Graph 10: Ten Best-Selling ETF Promoters, 2018 (Euro Millions)

Source:  Lipper at Refinitiv

Since the flows of the ten-top promoters accounted for 96.57% of the overall estimated net flows into ETFs in Europe for 2018, it was clear that some of the 50 promoters (15) faced net outflows (-€2bn in total) over the course of the year.

Total Expense Ratios

The average Total Expense Ratio (TER) in the European ETF industry increased from 0.324% (December 2017) to 0.336% (December 2018) over the course of 2018. This trend to increasing management fees may not be surprising, as European ETF promoters have launched a number of so-called smart beta products, which have, in general, higher fees.

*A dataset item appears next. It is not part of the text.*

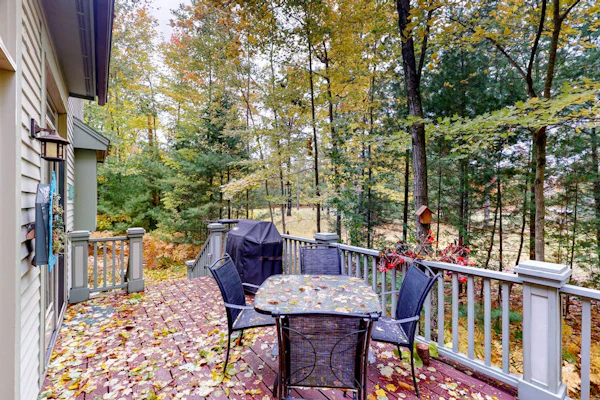 Home near downtown with a fireplace, deck, grill, central AC & washer/dryer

But it is surprising that the TER for equity ETFs (0.37%) has actually come down by 1 basis point even as this segment witnessed the highest number of smart beta products. 

Graph 11: Average TERs of European ETFs (in %)

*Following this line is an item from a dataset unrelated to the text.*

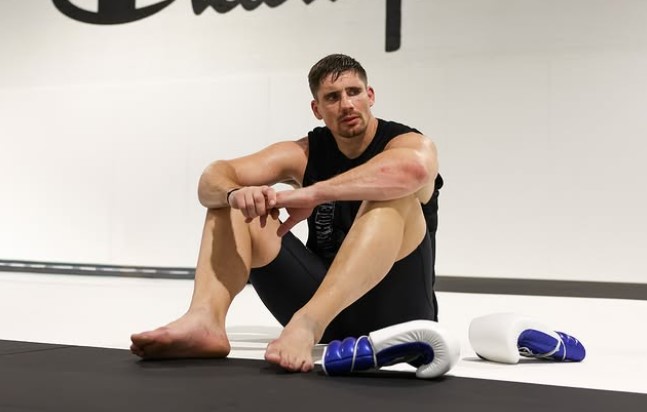 Рико Верхувен поискал над 1 милион долара на бой в UFC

Source: Lipper at Refinitiv

The drivers behind the increase in the average TER were alternative UCITS ETFs, for which the TER increased 8 basis points to 0.33%, and money market ETFs, which saw an average increase in the TER of 4 basis points up to 0.17%. In addition to this, the average TER for bond ETFs (0.23%) and "other" ETFs (0.40%) increased by 1 basis point. Opposite to this, the average TER for mixed-asset ETFs (0.43%) came down 4 basis points, while the average TER for commodity ETFs (0.41%) fell by 1 basis point.

Graph 12: Average TERs of European ETFs by Asset Type as of December 31, 2018 (in %)

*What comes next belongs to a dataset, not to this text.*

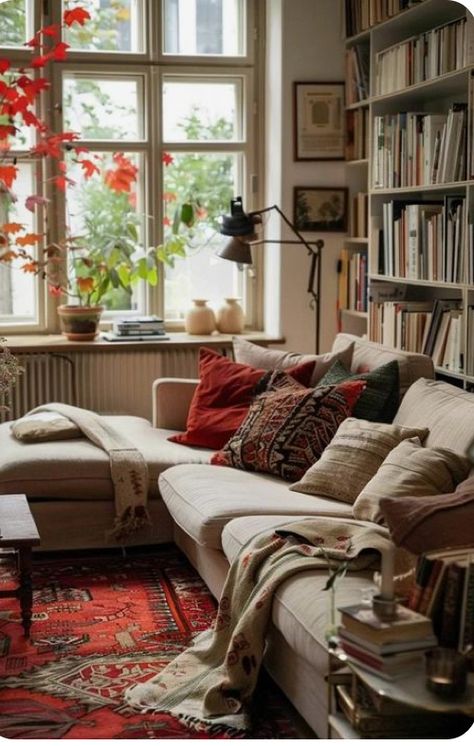 Red And Brown Interior, British Decor Interior Design, Interior Design Living Room Vintage, Red Brown Living Room, Brown And Red Living Room, Livingrooms Design Ideas Cozy, Living Room Inspiration Warm, Red Living Room Ideas, Copenhagen Interior Design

Source: Lipper at Refinitiv

Index Replication Methods in the European ETF Industry

European investors have become somewhat cautious about the use of derivatives in ETFs after the financial crisis in 2008. Even as there was no default of any derivatives in a European ETF, physical replication (either full or optimized) has become the index replication method of choice for European investors. This preference is clearly represented in the market share by assets under management of the different index replication methods where ETFs employing a physical replication method hold 80.64% of the overall assets under management, while swap-based ETFs have a market share of 18.21%, and ETFs using other index replication methods have a market share of 1.15%.

Graph 13: Market Share of the Different Replication Methods, December 2018

Source: Lipper at Refinitiv

Launches, Liquidations and Mergers of ETFs in Europe

The number of ETFs available for sales in Europe increased by 296 products over the course of 2018. In more detail, 108 of these products were primary share classes, while 188 were so-called convenience share classes. The net number of new ETFs hides the fact the European ETF industry showed a very high activity with regard to fund launches, as the promoters introduced 512 new products (230 primary share classes) to the European ETF market. Conversely, 48 products (20 primary share classes) were liquidated and 168 (102 primary share classes) were merged with other ETFs. The relatively high number of fund mergers and number of fund launches was impacted by French ETF promoters that moved parts of their France domiciled ETFs to Luxembourg. 

Graph 14: Launches, Liquidations and Mergers of ETFs in Europe, 2018

Source: Lipper at Refinitiv

A detailed view of asset class level shows equities were the asset type with the highest level of activity among European fund promoters over the course of 2018, followed by bond ETFs and "other" ETFs. This pattern is not surprising, since equities is the leading asset type in Europe by number of products and assets under management.

Graph 15: Launches, Liquidations and Mergers of ETFs in Europe by Asset Type, 2018

Source: Lipper at Refinitiv

 

Detlef Glow is head of Lipper EMEA Research
The views expressed are the views of the author, not necessarily those of Lipper or Refinitiv.